EXERCISE GOAL: Find every line in the records below that holds the word "black", and copy each one.
++++ DATA TO PROCESS ++++
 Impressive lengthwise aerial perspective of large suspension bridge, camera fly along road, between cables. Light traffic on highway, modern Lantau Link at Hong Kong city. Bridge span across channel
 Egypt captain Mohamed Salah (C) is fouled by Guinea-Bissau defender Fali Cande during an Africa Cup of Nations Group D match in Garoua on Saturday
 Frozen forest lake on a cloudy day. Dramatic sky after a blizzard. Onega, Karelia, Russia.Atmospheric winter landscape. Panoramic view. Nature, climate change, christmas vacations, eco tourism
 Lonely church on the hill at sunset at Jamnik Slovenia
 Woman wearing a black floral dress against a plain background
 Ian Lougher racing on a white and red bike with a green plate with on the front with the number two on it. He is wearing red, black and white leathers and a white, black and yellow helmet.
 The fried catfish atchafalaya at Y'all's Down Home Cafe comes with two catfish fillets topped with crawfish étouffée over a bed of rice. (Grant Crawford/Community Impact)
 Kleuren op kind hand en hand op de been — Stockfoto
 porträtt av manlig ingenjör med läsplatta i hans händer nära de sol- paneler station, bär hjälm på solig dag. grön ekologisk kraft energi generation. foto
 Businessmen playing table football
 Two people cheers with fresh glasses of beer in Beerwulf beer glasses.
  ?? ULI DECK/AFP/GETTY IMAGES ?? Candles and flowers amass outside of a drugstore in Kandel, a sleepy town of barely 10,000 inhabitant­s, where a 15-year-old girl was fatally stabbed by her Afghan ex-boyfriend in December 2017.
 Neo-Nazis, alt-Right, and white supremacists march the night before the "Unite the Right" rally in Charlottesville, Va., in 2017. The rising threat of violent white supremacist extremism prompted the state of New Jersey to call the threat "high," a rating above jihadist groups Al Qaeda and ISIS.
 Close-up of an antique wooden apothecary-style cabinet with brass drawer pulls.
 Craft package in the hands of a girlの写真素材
++++
WRITTEN ANSWER:
 Woman wearing a black floral dress against a plain background
 Ian Lougher racing on a white and red bike with a green plate with on the front with the number two on it. He is wearing red, black and white leathers and a white, black and yellow helmet.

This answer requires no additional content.